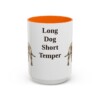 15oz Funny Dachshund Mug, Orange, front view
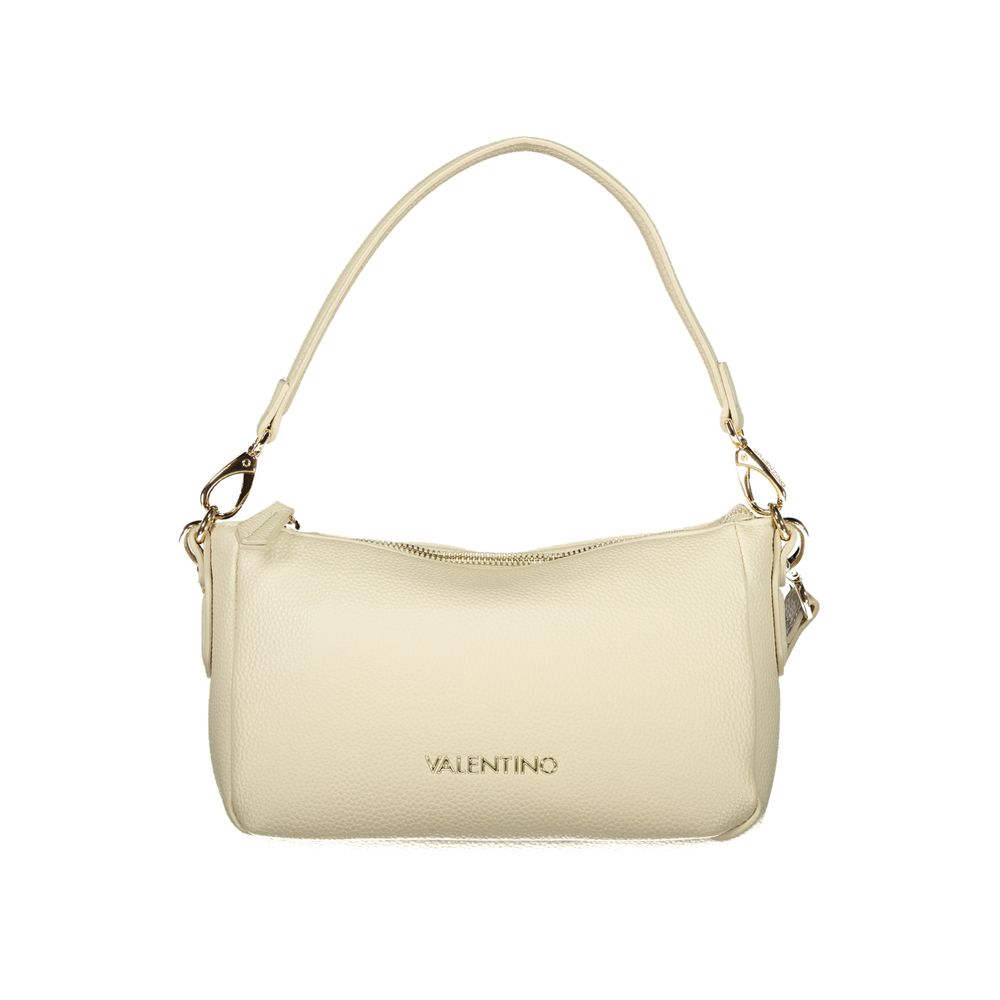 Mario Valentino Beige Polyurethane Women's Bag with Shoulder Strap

--

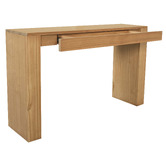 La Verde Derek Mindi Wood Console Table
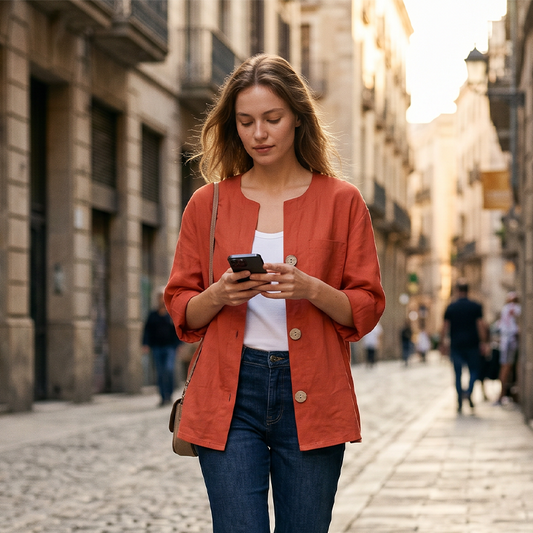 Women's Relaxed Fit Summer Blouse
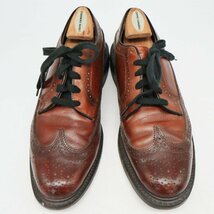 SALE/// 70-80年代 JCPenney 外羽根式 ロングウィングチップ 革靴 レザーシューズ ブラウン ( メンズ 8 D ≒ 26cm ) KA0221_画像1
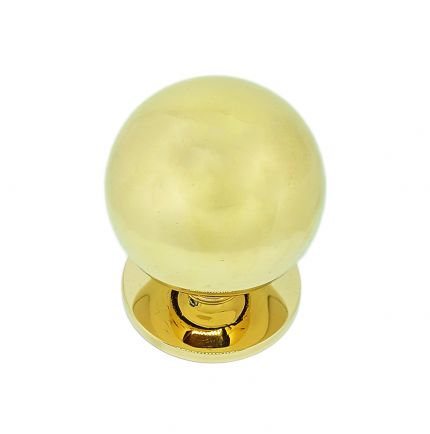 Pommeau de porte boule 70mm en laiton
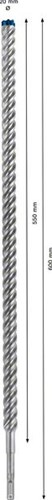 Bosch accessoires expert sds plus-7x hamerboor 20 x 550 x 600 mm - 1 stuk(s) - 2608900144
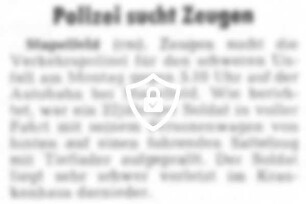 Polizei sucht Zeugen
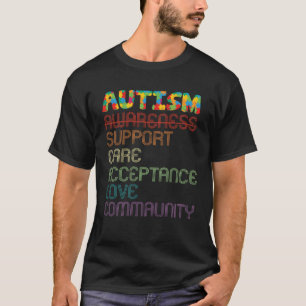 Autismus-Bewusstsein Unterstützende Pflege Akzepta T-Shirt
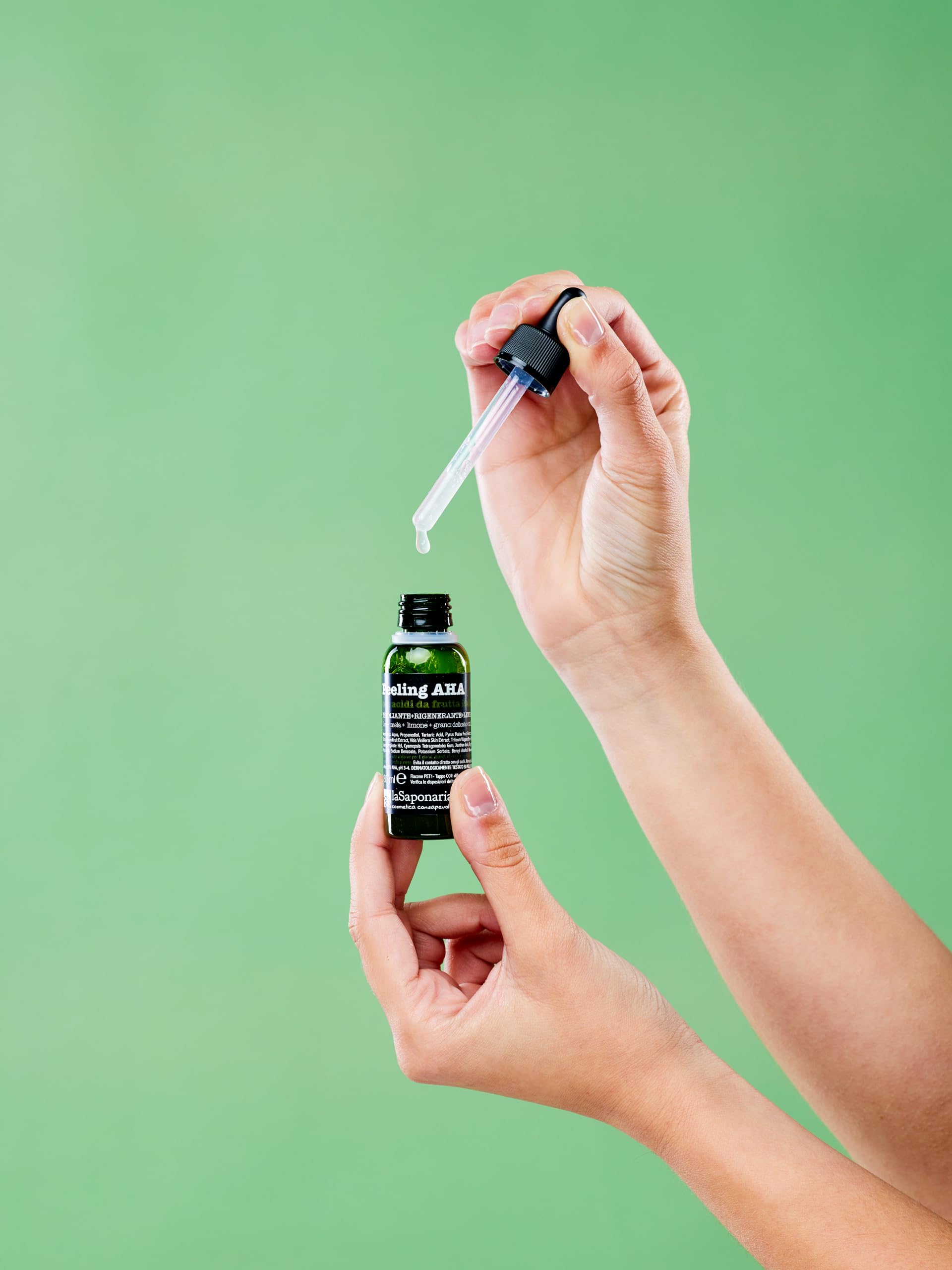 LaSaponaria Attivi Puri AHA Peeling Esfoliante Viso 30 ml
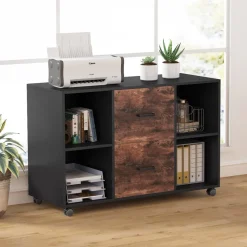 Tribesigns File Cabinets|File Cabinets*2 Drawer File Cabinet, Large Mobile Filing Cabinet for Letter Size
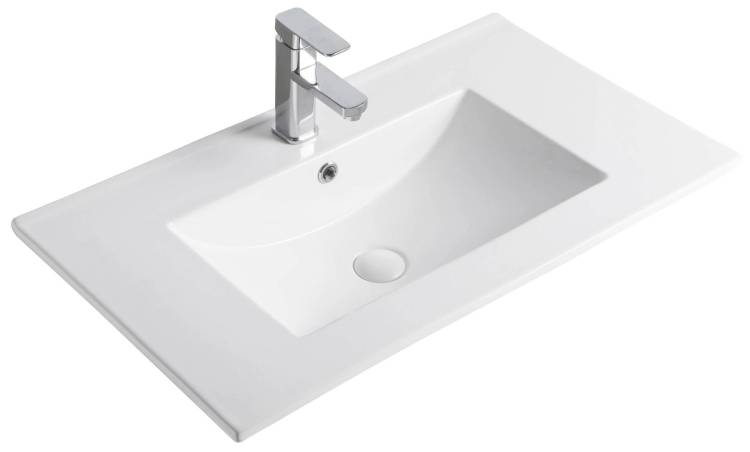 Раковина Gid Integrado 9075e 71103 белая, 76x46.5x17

*Work instructions*: Write back word for word every line in the entries above from the one with "LaSaponaria Attivi Puri" to the one with "Раковина Gid Integrado", ends included, and none of the pictures.

*Completed task*:
 LaSaponaria Attivi Puri AHA Peeling Esfoliante Viso 30 ml
 Tribesigns File Cabinets|File Cabinets*2 Drawer File Cabinet, Large Mobile Filing Cabinet for Letter Size
 Раковина Gid Integrado 9075e 71103 белая, 76x46.5x17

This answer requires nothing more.